Otros experimentos fueron introducir un paywall más agresivo, expandir la cobertura de temas internacionales, y doblar los recursos para el periodismo de investigación. Muchos de estos han servido para que se dé una transformación digital de fundamento: Hoy los beneficios por publicidad digital superan los 100 millones de dólares, y crecen a dos dígitos desde hace tres años. Al final de 2017, el diario superaba el millón de suscriptores, el triple que el año anterior. El año pasado fue el segundo año consecutivo con beneficios. Más de 50 webs funcionan con el software diseñado por el Post. Y la empresa no deja de ampliar su área de operaciones. En enero de 2018, el editor del periódico, Fred Ryan, resumió así la situación: “Ahora mismo, el Washington Post puede ser la única startup del mundo con 140 años de antigüedad”.

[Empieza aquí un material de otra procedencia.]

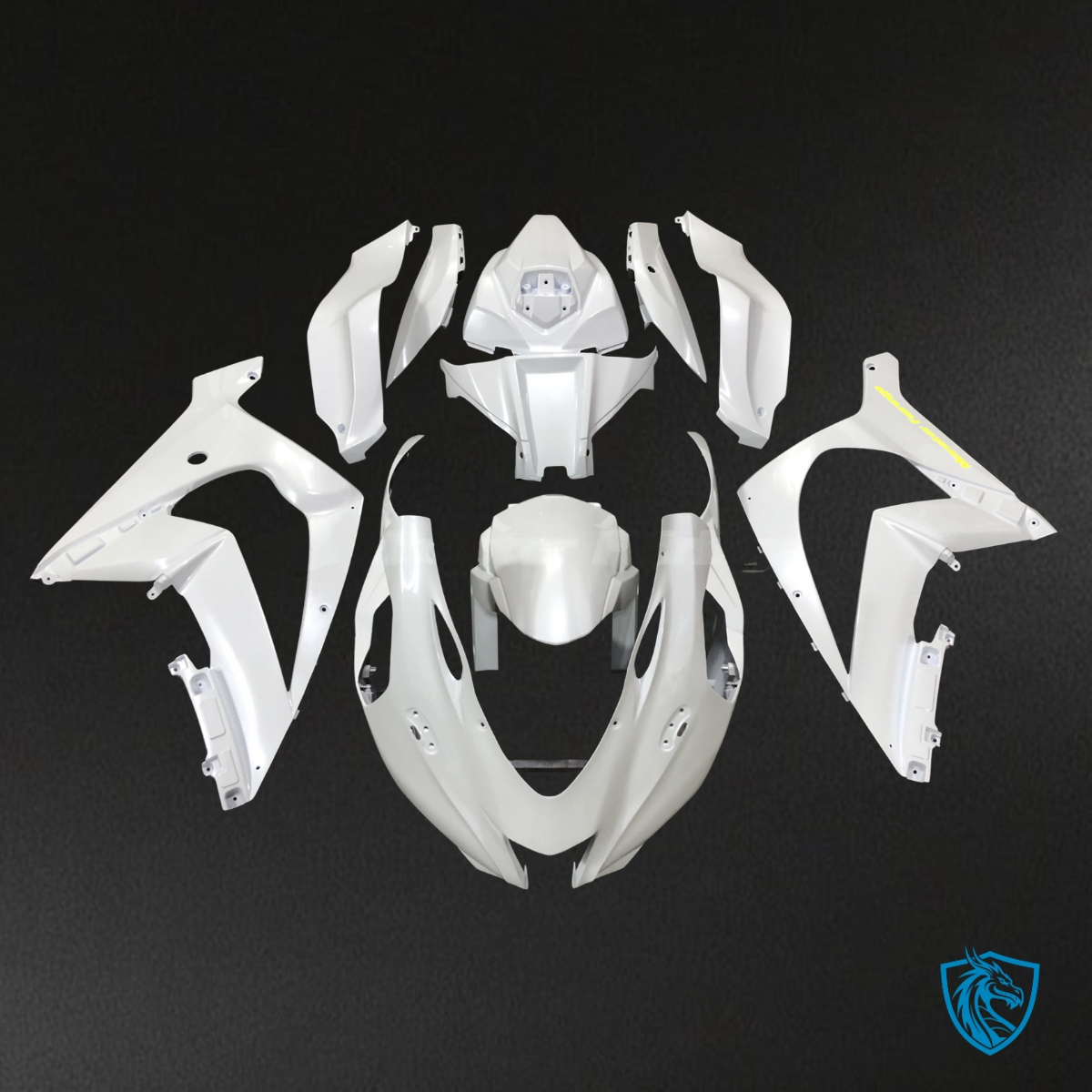 Kawasaki ZX10R (2016-2020) Pearl Matte White Track - Custom ABS Fairing Kit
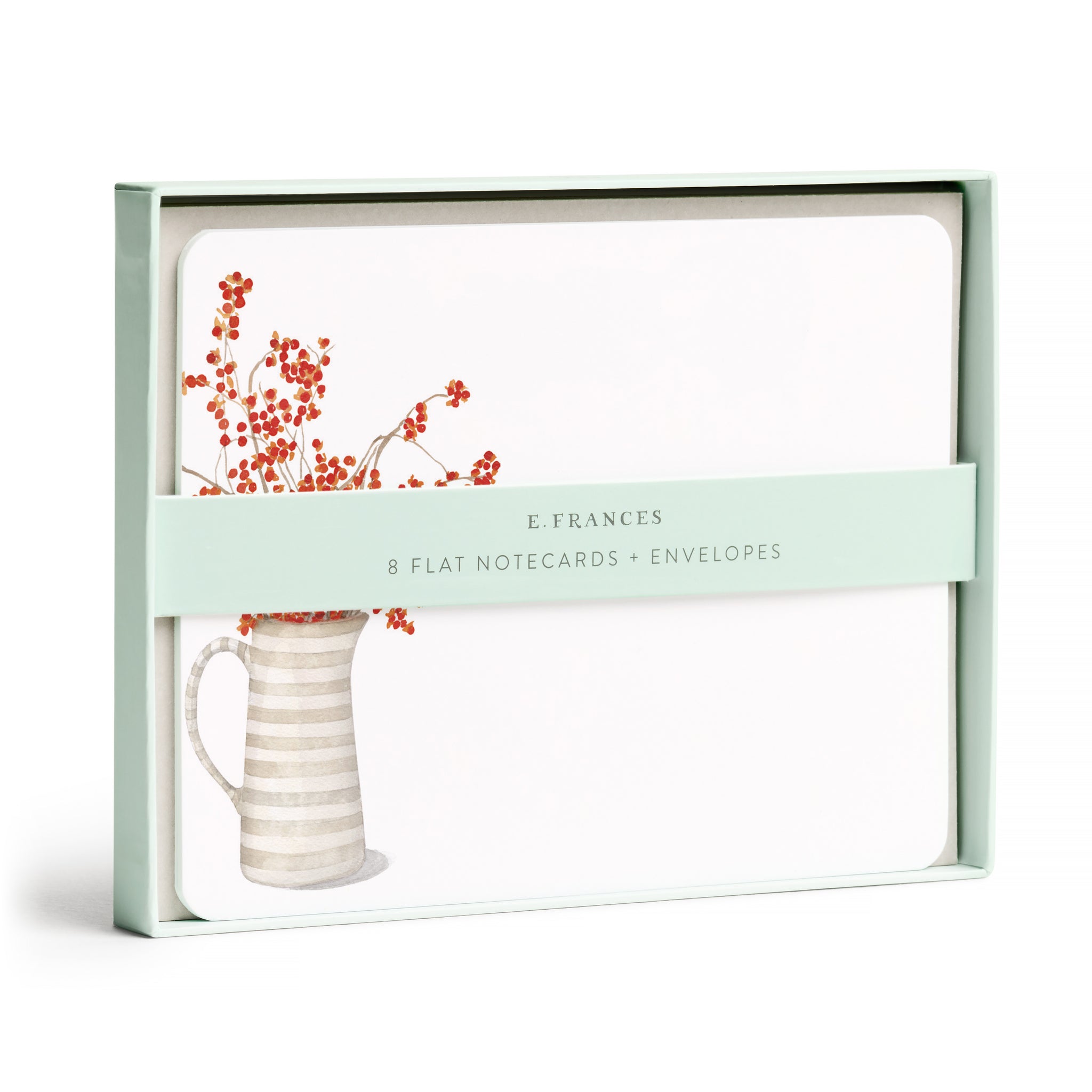 Autumn Berry Pitcher Flat Note Set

Por supuesto, ayuda tener recursos. Pero la transformación digital no se alcanza ni de la noche a la mañana, ni a golpe de talonario. Las soluciones digitales tienen que estar hechas a medida de cada empresa, y los equipos necesitan tiempo para adaptarse y aprender a hacer las cosas de manera distinta.
Abrazar la incertidumbre que viene con la transformación digital no será fácil al principio. El miedo a fracasar te echará para atrás. Pero si abrazas lo desconocido y admites que no tienes todas las respuestas, y experimentas y experimentas y experimentas, estás plantando semillas para el futuro.